Two rock releases with punning titles caught our ears this past week, Cameron Mitchell’s EP Chelsea No Evil and Brian Lisik and the Unfortunates’ album Curisinterruptedus.
Cameron Mitchell, Chelsea No Evil
Cameron Mitchell’s six-song EP blasts off with the old-school rock and roll thumper “Good Morning Heartbreak” and doesn’t let up through the multiple-guitar attack of the singalong “Woman in Love,” which puts me in mind of the Georgia Satellites. But Mitchell’s hoarse heartland-rock vocals betray a cool sensitivity in the well-crafted melody of the somber ballad “Sometimes Things Just Fade,” and carry the slow country waltz “Maybe I Was Looking for You” beyond the cliché its twangy guitar and pedal steel could have made it.
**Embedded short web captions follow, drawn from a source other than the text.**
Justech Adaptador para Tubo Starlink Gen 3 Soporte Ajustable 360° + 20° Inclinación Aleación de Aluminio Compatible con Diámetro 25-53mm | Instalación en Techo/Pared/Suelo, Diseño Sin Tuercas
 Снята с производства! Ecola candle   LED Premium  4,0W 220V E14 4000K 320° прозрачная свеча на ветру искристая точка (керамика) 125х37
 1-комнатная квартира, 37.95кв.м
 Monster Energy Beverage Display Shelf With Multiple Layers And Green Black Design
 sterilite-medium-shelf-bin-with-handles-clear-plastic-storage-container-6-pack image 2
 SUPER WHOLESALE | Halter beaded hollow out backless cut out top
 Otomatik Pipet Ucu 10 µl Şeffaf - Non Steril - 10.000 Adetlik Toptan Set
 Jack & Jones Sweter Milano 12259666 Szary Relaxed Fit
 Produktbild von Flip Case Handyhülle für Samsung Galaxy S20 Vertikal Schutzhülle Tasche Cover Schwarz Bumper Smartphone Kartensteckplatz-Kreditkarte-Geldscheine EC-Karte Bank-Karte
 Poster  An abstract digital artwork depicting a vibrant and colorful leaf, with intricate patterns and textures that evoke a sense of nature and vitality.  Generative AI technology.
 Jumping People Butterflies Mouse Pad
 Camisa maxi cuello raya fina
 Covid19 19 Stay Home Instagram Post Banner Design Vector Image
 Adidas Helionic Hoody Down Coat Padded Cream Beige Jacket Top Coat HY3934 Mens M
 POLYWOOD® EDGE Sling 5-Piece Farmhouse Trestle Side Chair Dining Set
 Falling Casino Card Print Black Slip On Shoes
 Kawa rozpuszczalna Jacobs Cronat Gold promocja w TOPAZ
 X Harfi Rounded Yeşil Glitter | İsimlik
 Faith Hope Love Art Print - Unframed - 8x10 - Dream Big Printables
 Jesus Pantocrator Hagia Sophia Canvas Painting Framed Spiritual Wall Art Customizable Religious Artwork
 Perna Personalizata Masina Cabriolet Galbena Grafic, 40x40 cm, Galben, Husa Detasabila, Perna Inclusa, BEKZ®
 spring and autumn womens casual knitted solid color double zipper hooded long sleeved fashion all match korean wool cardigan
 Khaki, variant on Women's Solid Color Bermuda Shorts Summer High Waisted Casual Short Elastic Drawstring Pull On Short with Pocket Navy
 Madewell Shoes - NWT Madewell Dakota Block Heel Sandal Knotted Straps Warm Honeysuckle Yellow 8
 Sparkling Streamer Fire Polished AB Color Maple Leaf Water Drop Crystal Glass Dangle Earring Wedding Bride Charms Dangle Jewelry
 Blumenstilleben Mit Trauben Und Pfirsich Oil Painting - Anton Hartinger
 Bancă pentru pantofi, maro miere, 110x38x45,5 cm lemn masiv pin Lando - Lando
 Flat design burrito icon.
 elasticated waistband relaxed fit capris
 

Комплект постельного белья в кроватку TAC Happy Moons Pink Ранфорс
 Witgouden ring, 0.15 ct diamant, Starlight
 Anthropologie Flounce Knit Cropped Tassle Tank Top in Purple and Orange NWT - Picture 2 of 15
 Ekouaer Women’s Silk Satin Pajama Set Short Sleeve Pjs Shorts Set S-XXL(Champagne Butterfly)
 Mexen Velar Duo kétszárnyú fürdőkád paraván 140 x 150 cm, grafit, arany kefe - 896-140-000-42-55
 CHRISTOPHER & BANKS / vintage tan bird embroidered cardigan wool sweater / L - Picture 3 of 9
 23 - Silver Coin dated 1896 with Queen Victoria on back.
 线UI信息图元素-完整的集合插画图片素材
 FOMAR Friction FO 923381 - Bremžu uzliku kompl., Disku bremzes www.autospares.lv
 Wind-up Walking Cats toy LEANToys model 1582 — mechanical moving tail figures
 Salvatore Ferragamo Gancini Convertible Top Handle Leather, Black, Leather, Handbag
Mitchell is a crafty lyricist too. “I’m a bad guy, I’m a liar/I can be what you require/I can grow a tree and chop it down,” admits the rueful narrator of “Just Before” as he backs out of his wedding at the last second. He closes the EP by evoking the timeless guitar riff from “All Right Now” as he continues the theme of relationship caution with the mid-tempo rocker “Darlin’ Let Me Warn You.” His narrators may be bad news for their girlfriends, but his EP leaves you wanting more.
Brian Lisik and the Unfortunates, Curtisinterruptedus
Speaking of heartland rock, there’s a lot of it in Curtisinterruptedus, the new album from Brian Lisik and the Unfortunates. These 14 songs fit into a mere 38 minutes. Do the math and it’s clear these are short-and-sweet songs, each making its statement and getting out of the way, like in the early days of pop music.
Leading off with the catchy rocker “Jan. 13” the disc rolls through a variety of flavors, the Springsteen-esque “Beaten Up Blue,” a delicate duet with singer Rachel Roberts (“Paramours”), and the elemental “The Beekeeper,” a top track that combines a Mellancamp-like passion with a loose trippiness and a hint of The Who. The piano ballad “Born on Needles and Pins” is a miniature winner at only a minute and a half.
Latinate and abstract words like “attorney” and “normalcy” can feel a little out of place amid Lisik’s heart-on-sleeve rock sound, but those are only occasional moments. Meanwhile the guitar and keyboard work and the musicianship in general are consistently good.
Lisik is at his most poetic in the sad ballad “About Me Back Home,” whose murderous narrator reflects ruefully on the reputation he’s surely developed back home and the shame his father must feel. “Tattered & Broken” has the feel of a Celtic folk song, Lisik’s tenor getting scratchy like Shane McGowan’s, and the disc ends with some unexpected poetry over a musical throwaway by Lisik’s musical collaborator Steve Norgrove: “Swagger and sway turns to stumble and fall.” Grounded firmly in the traditions of 20th century guitar rock and pop, their album has no need to swagger; it sways gently when the lyrics call for it; and it rarely stumbles and never falls.